E' costituita l'Associazione denominata “Associazione METICA ONLUS”
L'Associazione Onlus è regolata dalle pattuizioni del presente statuto, e comunque nel totale rispetto delle leggi n. 460 del 4 dicembre 1997 e n. 49 del 26 febbraio 1987, e successive modifiche ed integrazioni.
Art. 2 Scopo
L'Associazione si propone di sostenere iniziative volontarie e non profit a favore dei soggetti fragili attraverso il finanziamento di progetti volti:
- alla creazione e alla erogazione di servizi socio-sanitari mirati alle fasce più deboli e meno dotate di risorse e di accesso gestiti da associazioni no profit;
- alla formazione multidisciplinare degli operatori in grado di assicurare lo svolgimento dei servizi e la gestione delle strutture;
- a svolgere attività di sensibilizzazione, informazione e fund raising, allo scopo di garantire il necessario contributo finanziario e di volontariato alla realizzazione del progetto.
Art. 3 Durata e attività
La durata dell'Associazione è a tempo indeterminato.

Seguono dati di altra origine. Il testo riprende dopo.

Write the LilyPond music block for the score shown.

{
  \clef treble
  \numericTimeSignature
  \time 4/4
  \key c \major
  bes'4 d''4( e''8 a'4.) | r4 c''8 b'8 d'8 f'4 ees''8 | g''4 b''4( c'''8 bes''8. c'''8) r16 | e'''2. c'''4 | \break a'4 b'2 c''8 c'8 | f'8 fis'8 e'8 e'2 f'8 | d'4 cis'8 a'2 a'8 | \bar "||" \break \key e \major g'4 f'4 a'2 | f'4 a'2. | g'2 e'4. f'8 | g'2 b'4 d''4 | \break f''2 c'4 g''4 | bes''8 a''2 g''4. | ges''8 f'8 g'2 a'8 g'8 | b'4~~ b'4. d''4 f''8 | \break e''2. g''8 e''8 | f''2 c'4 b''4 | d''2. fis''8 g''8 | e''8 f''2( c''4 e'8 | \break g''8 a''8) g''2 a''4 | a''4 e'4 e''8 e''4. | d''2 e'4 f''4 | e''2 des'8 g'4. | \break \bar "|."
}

L'Associazione porrà in essere le proprie attività in ogni settore per divulgare le finalità della stessa e per raccogliere adesioni, svolgendo ogni iniziativa, anche economica, direttamente o indirettamente utile al perseguimento dei propri fini e alla realizzazione dei propri progetti.
Tali progetti dovranno avere natura interdisciplinare, assicurando così il concorso dell'indispensabile pluralità di competenze e di capacità alla gestione del complesso fenomeno della fragilità sociale.

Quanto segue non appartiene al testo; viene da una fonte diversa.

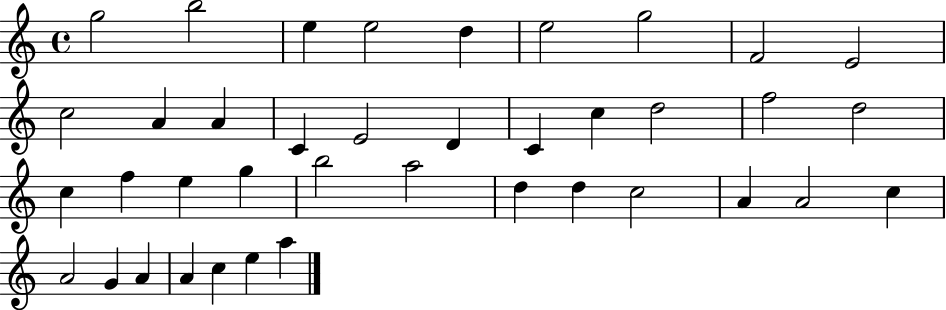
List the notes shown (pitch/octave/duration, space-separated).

G5/h B5/h E5/q E5/h D5/q E5/h G5/h F4/h E4/h C5/h A4/q A4/q C4/q E4/h D4/q C4/q C5/q D5/h F5/h D5/h C5/q F5/q E5/q G5/q B5/h A5/h D5/q D5/q C5/h A4/q A4/h C5/q A4/h G4/q A4/q A4/q C5/q E5/q A5/q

Per la realizzazione dei richiamati progetti, la Associazione promuoverà la costituzione di associazioni temporanee di natura locale, oltre che regionale o nazionale, che potranno, una volta portato a compimento il progetto, sciogliersi o stabilizzarsi, alimentando così una rete di operatori volontari sul territorio. Tali organismi, composti da operatori qualificati in tutte le discipline necessarie per la realizzazione di interventi del tipo descritto, saranno destinatarie dei finanziamenti limitatamente all'attuazione dei progetti selezionati dagli organi della
Associazione.
Proprio a questo riguardo, la Associazione, oltre alle quote dei Soci, accetterà i contributi, le donazioni e i finanziamenti anche finalizzati, espressamente, alla realizzazione dei singoli progetti.

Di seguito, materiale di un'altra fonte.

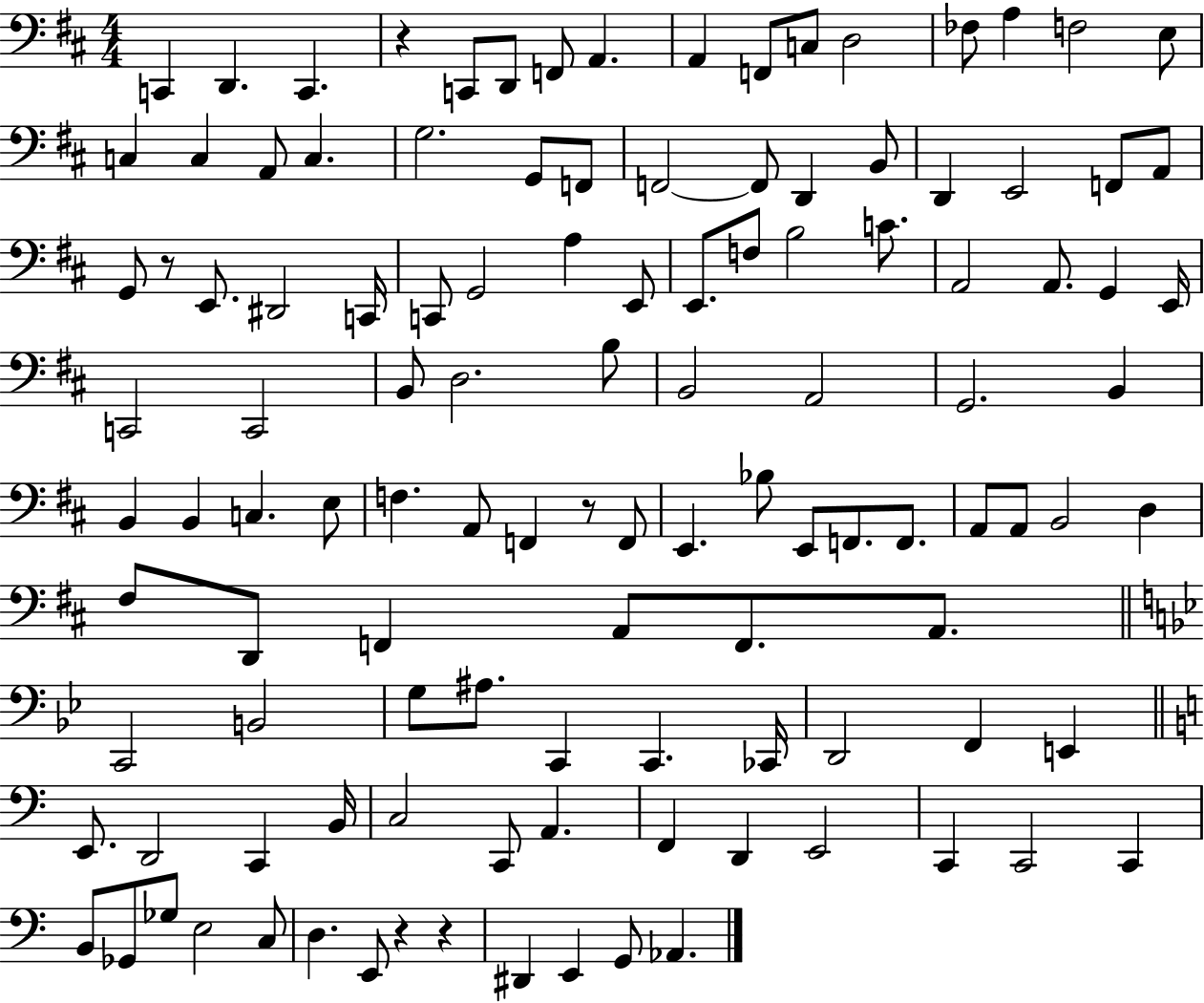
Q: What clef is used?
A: bass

E fatto divieto di svolgere attività diverse da quelle sopra menzionate, nonché di distribuire anche in modo indiretto utili e avanzi di gestioni, fondi, riserve o capitale. Gli utili e avanzi di gestione saranno destinati esclusivamente alla realizzazione delle attività istituzionali.
Art. 4 Sede
L'Associazione ha sede in Roma.
Per ogni necessaria esigenza si potranno costituire sedi locali, anche presso enti terzi.
Art. 5 Soci
Possono diventare soci dell'Associazione le persone fisiche in possesso del godimento dei diritti civili e politici, le persone giuridiche, gli Enti e le Associazioni anche non riconosciute.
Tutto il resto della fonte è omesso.